++++ Data below

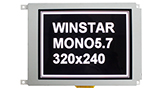 5.7 inch Monochrome TFT Display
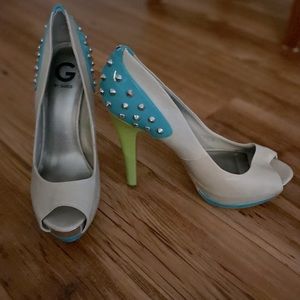 G by a Guess 6” heel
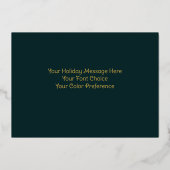 Whimsical Kerstmisillustratie Folie Feestdagenkaart (Achterkant)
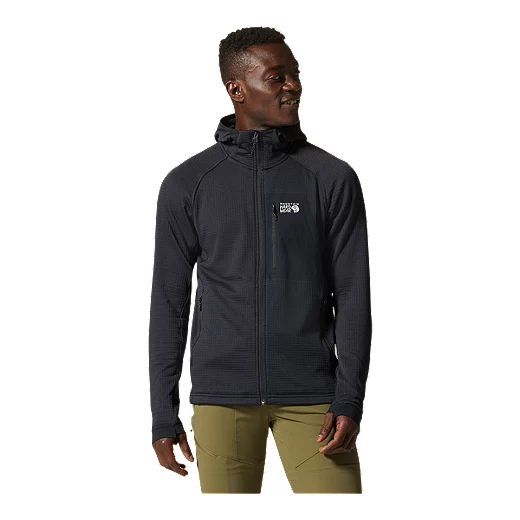Mountain Hardwear Men's Polartec Power Grid Fleece Hoodie 1 Mountain Hardwear Men's Polartec Power Grid Fleece Hoodie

++++++++

Work order: Word for word, return the material above, but drop the pictures.

Solution to the exercise:
 5.7 inch Monochrome TFT Display
 G by a Guess 6” heel
 Whimsical Kerstmisillustratie Folie Feestdagenkaart (Achterkant)
Mountain Hardwear Men's Polartec Power Grid Fleece Hoodie 1 Mountain Hardwear Men's Polartec Power Grid Fleece Hoodie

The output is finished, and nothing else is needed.